The line containing "Precision milling and" marks the start of the required copy, which runs to the final line of the entries; return those lines exactly, without any pictures.

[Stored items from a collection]
.....
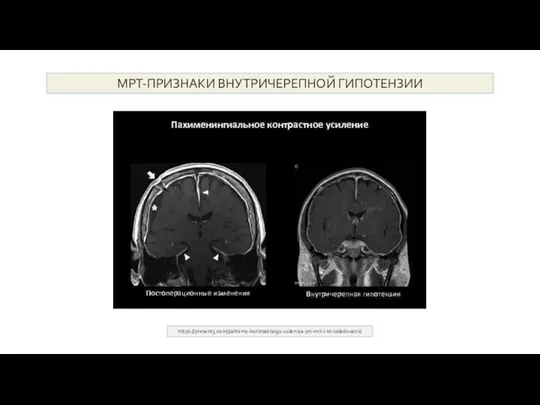 МРТ-ПРИЗНАКИ ВНУТРИЧЕРЕПНОЙ ГИПОТЕНЗИИ https://present5.com/patterny-kontrastnogo-usileniya-pri-mrt-i-kt-issledovanii/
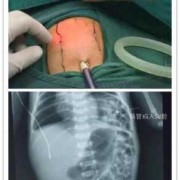 灿可以加什么偏旁,胎儿左侧隔疝要引产吗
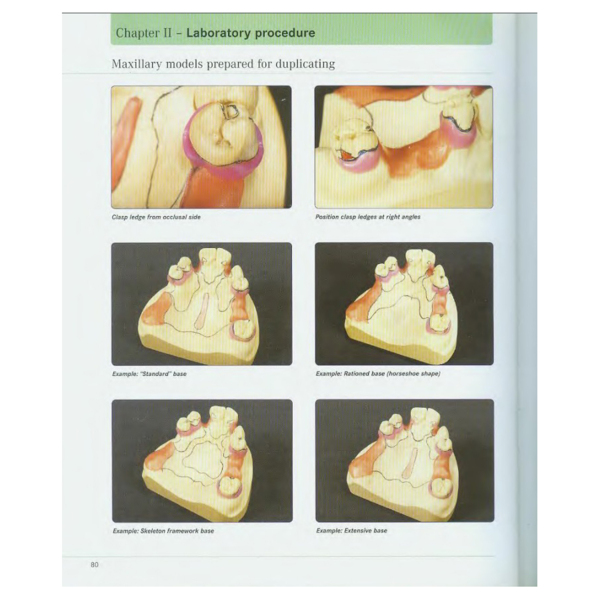 Precision milling and partial denture constructions, Henning Wulfes (английский язык) - фото 8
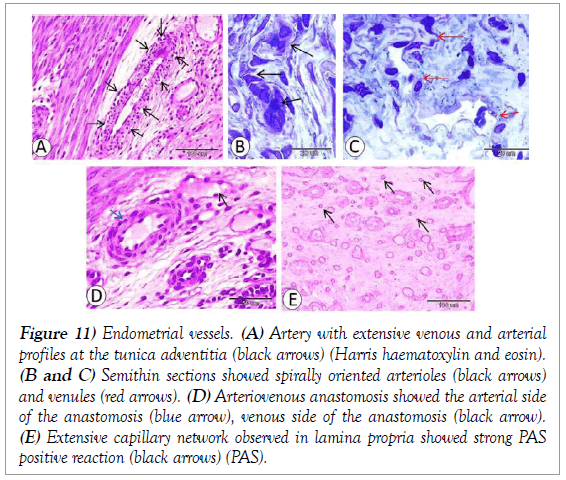 histology-histopathology-research-endometrial-vessels-venous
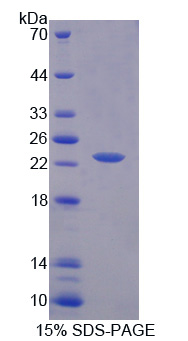 Recombinant Indoleamine-2,3-Dioxygenase (IDO)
.....
** ANSWER FOR THIS EXERCISE **
 Precision milling and partial denture constructions, Henning Wulfes (английский язык) - фото 8
 histology-histopathology-research-endometrial-vessels-venous
 Recombinant Indoleamine-2,3-Dioxygenase (IDO)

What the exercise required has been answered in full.